(Exercise details): Except for the pictures, retype the records that follow exactly.

(Dataset entries)
>>

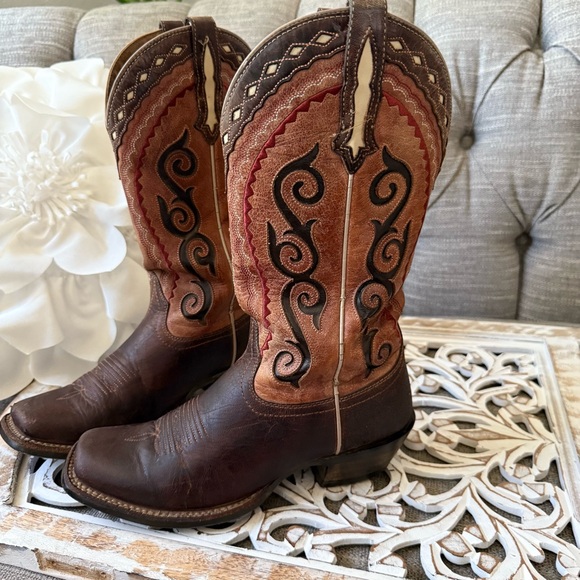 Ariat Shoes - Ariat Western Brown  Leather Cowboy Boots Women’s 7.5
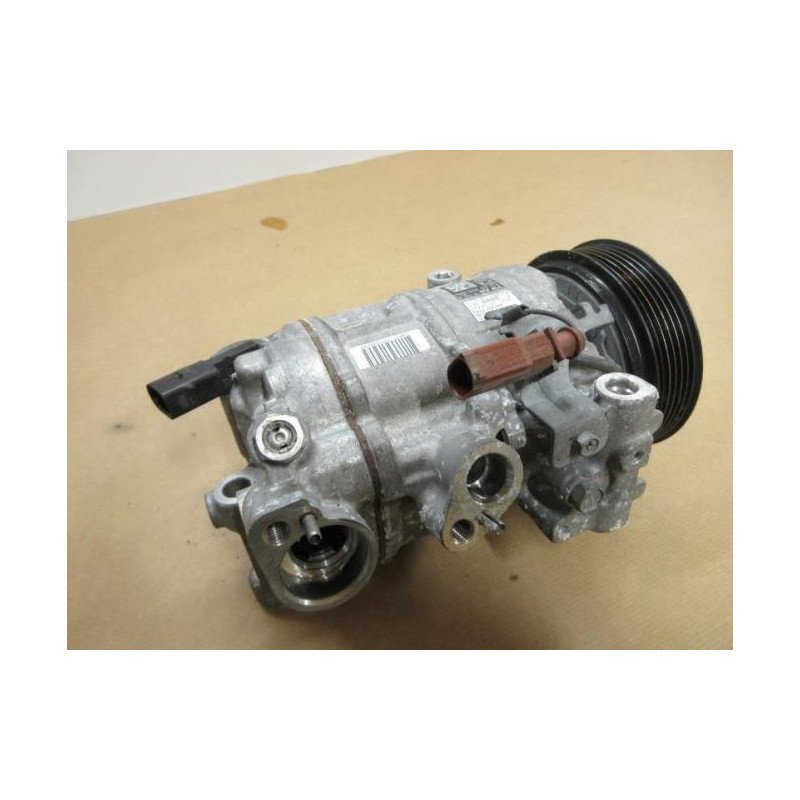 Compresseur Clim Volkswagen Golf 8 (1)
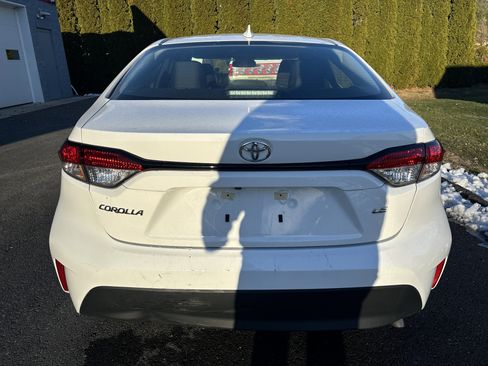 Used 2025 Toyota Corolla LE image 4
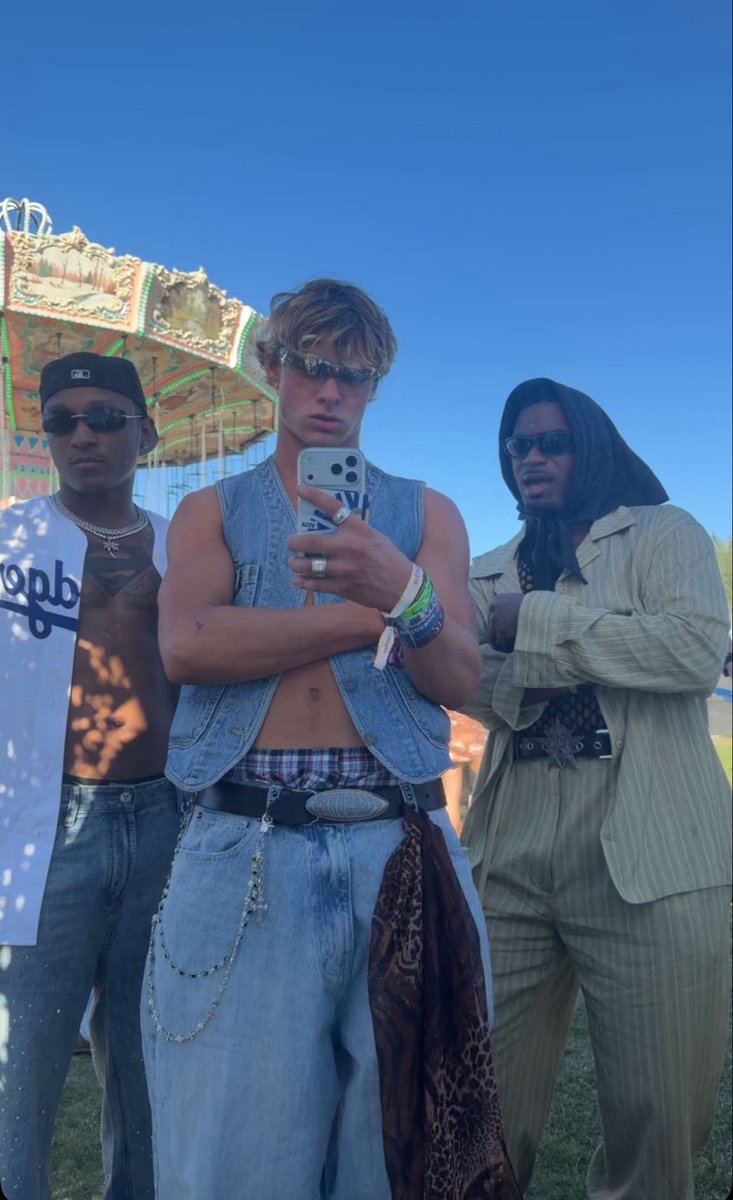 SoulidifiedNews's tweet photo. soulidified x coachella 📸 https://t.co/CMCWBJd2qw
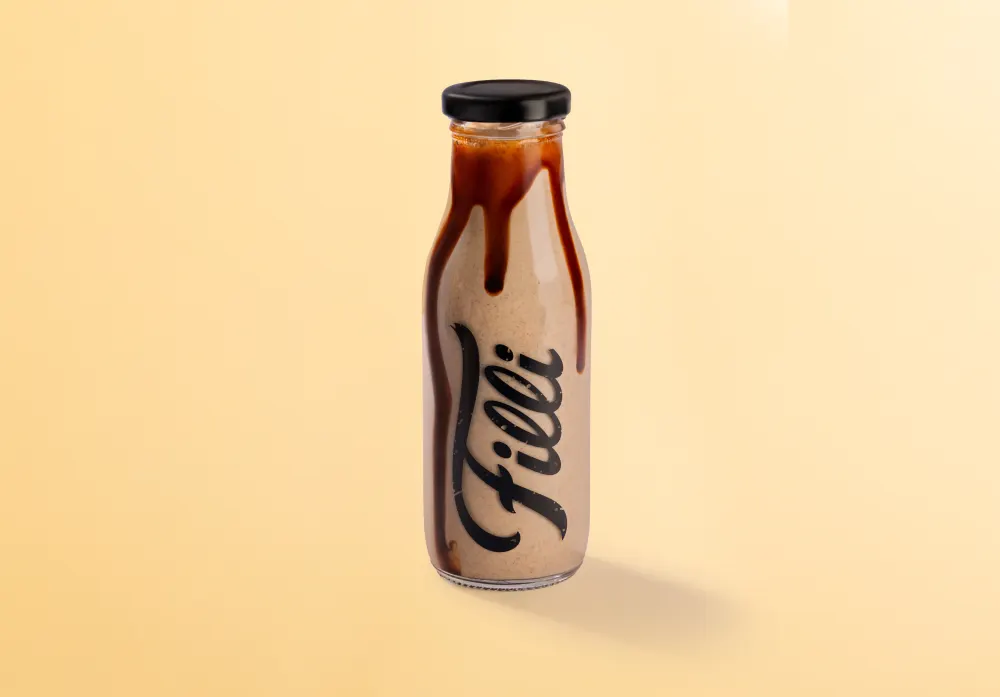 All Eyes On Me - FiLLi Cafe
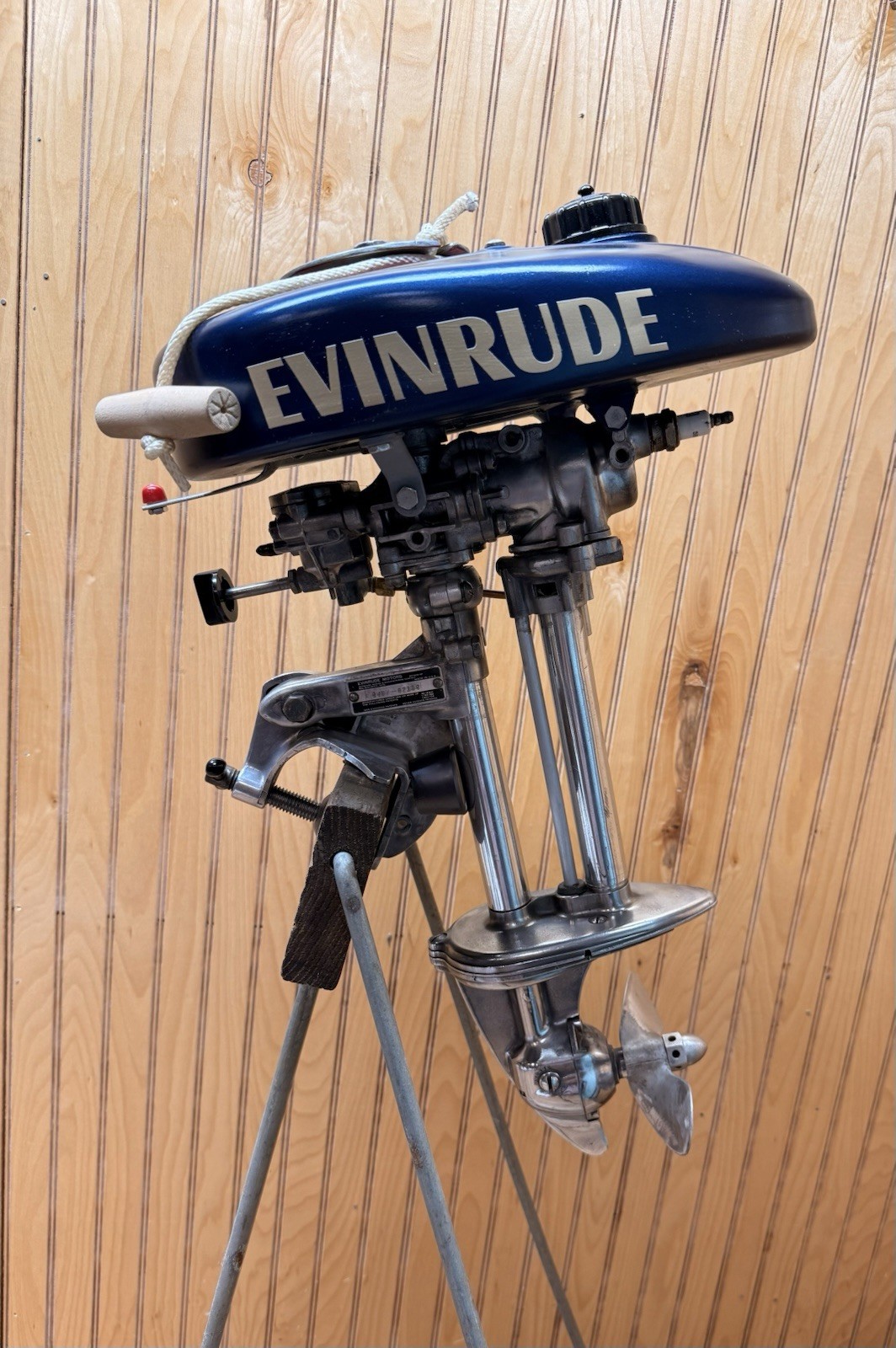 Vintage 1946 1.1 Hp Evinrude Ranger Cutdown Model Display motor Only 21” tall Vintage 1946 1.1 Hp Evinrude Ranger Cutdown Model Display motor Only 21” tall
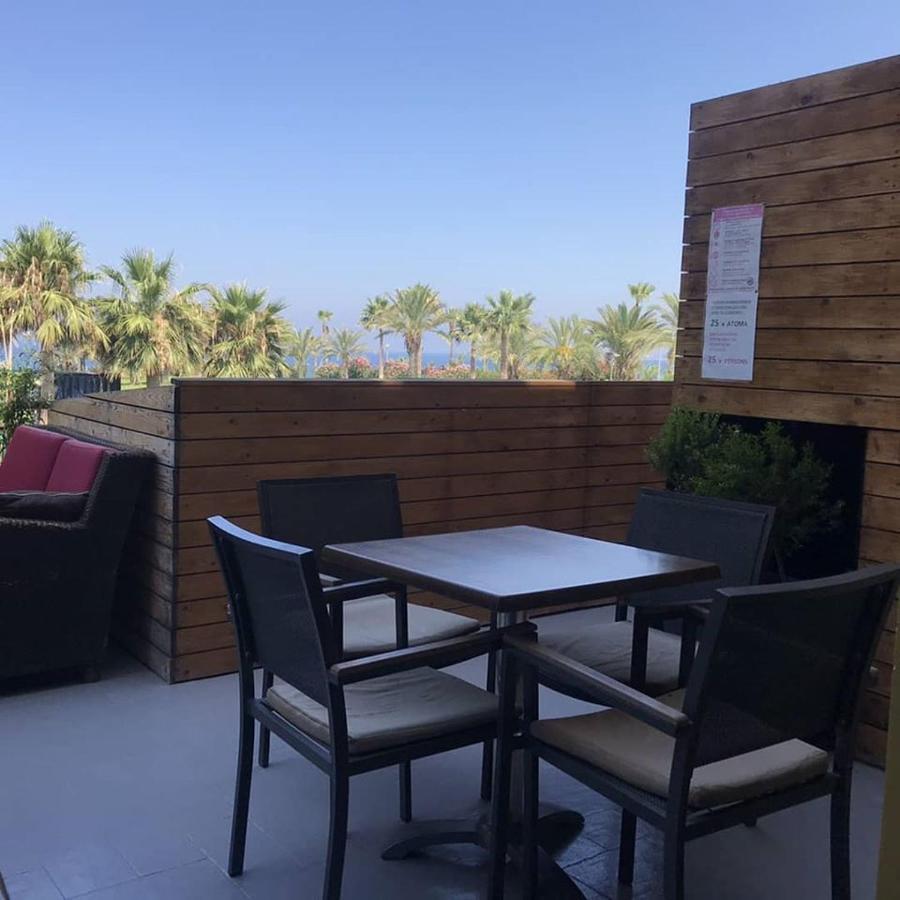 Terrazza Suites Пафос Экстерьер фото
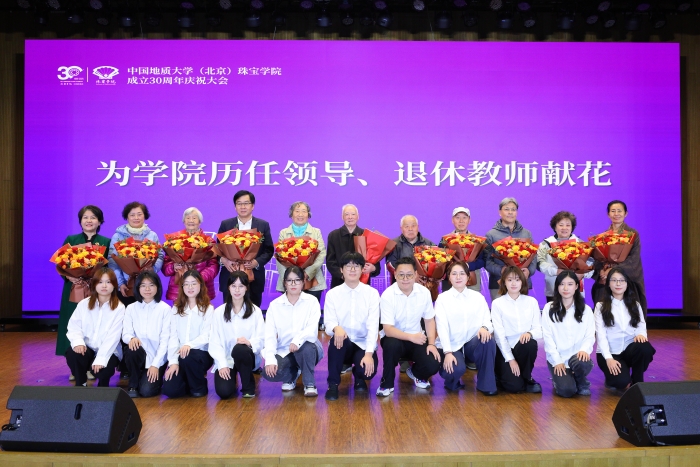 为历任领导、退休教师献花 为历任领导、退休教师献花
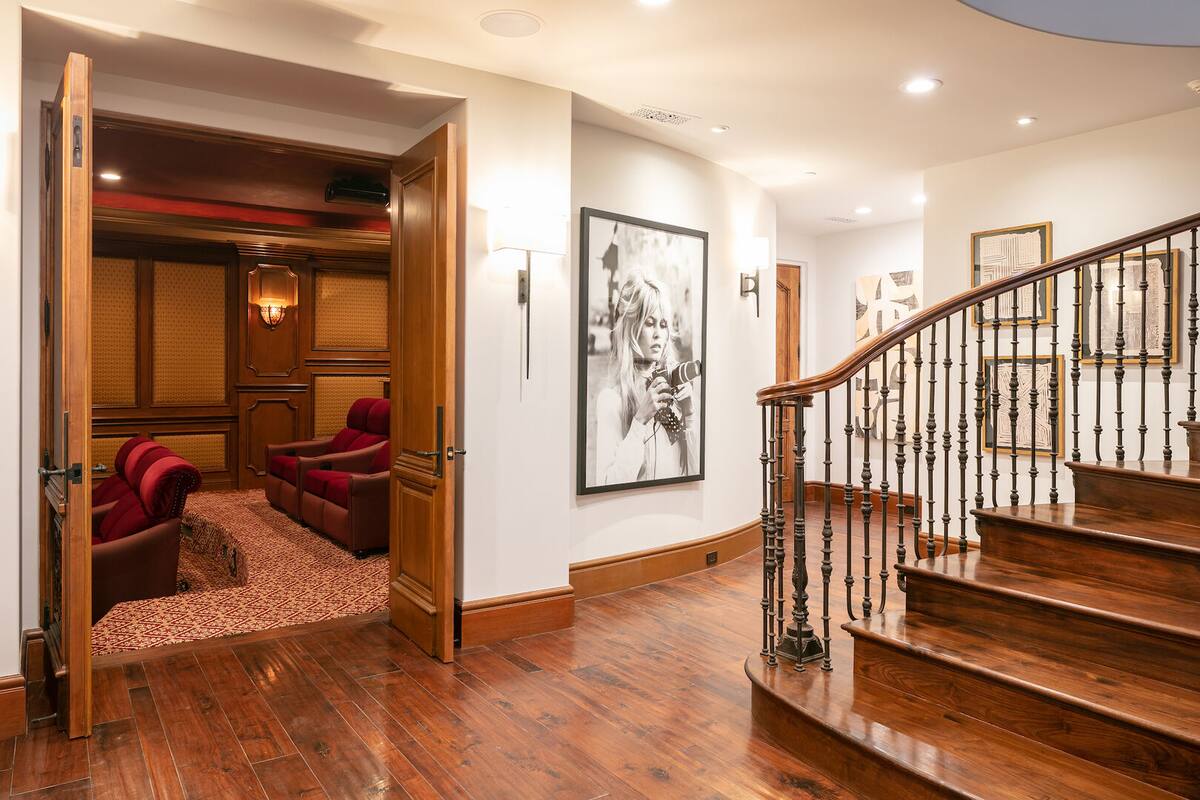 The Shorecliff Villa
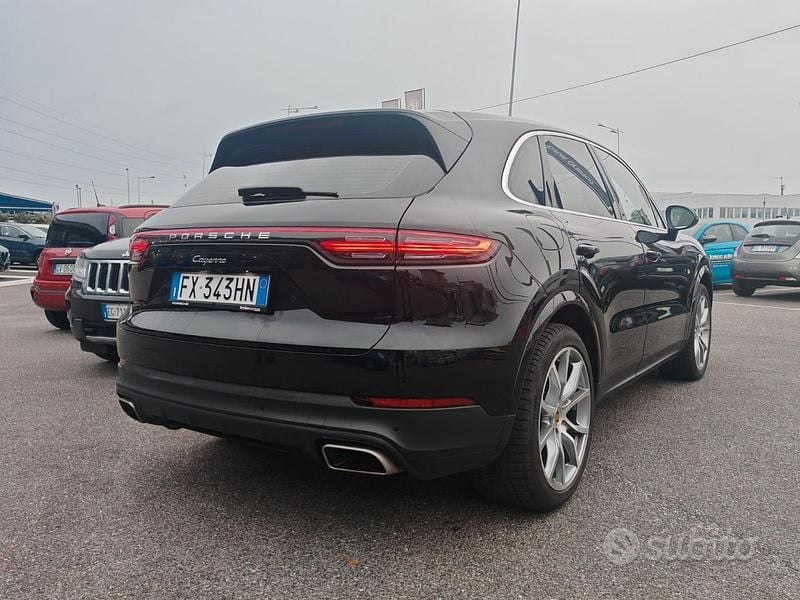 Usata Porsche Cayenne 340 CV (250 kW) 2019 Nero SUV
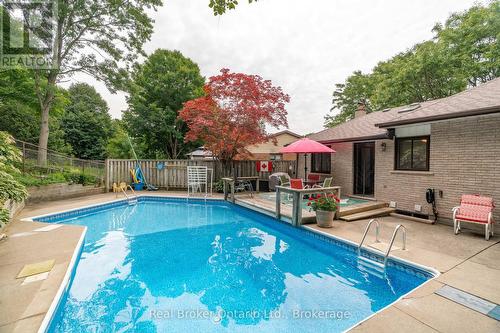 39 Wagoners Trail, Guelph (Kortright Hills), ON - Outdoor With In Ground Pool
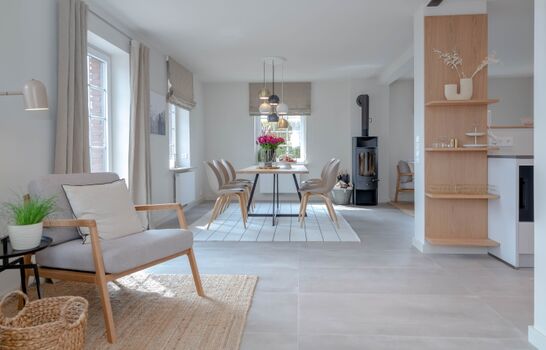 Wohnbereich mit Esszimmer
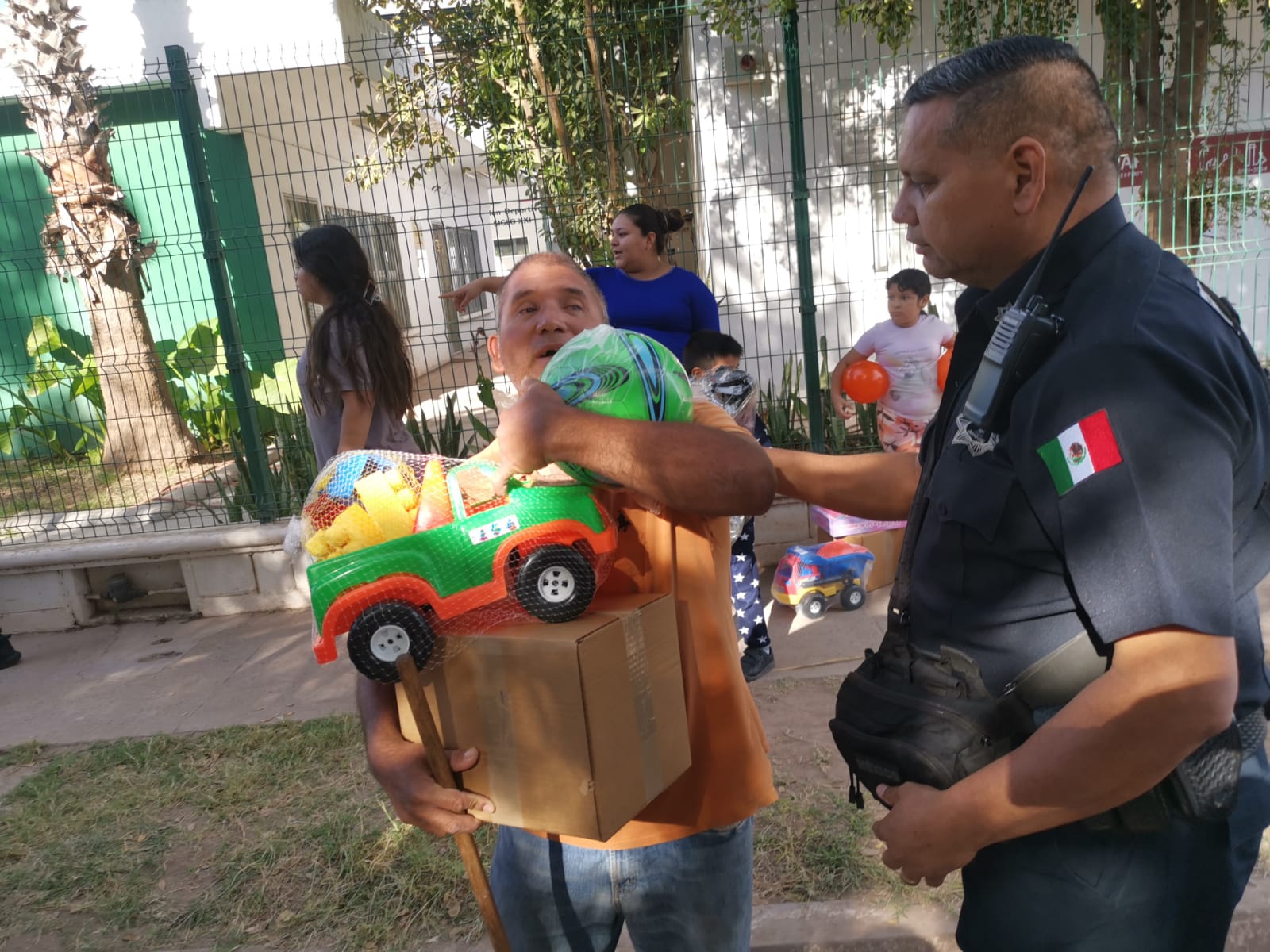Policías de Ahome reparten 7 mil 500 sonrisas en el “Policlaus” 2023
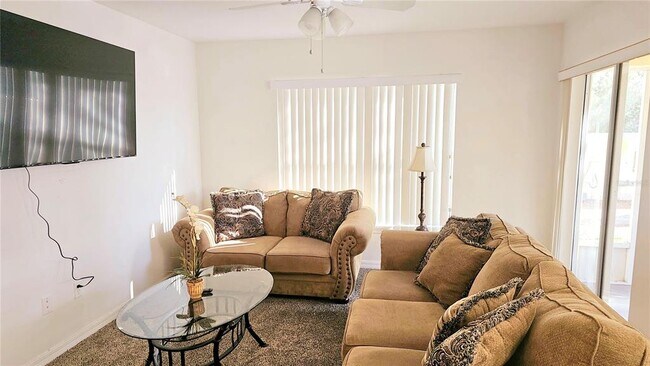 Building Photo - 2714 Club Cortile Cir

<<

(Task answer):
 Ariat Shoes - Ariat Western Brown  Leather Cowboy Boots Women’s 7.5
 Compresseur Clim Volkswagen Golf 8 (1)
 Used 2025 Toyota Corolla LE image 4
 SoulidifiedNews's tweet photo. soulidified x coachella 📸 https://t.co/CMCWBJd2qw
 All Eyes On Me - FiLLi Cafe
 Vintage 1946 1.1 Hp Evinrude Ranger Cutdown Model Display motor Only 21” tall Vintage 1946 1.1 Hp Evinrude Ranger Cutdown Model Display motor Only 21” tall
 Terrazza Suites Пафос Экстерьер фото
 为历任领导、退休教师献花 为历任领导、退休教师献花
 The Shorecliff Villa
 Usata Porsche Cayenne 340 CV (250 kW) 2019 Nero SUV
 39 Wagoners Trail, Guelph (Kortright Hills), ON - Outdoor With In Ground Pool
 Wohnbereich mit Esszimmer
Policías de Ahome reparten 7 mil 500 sonrisas en el “Policlaus” 2023
 Building Photo - 2714 Club Cortile Cir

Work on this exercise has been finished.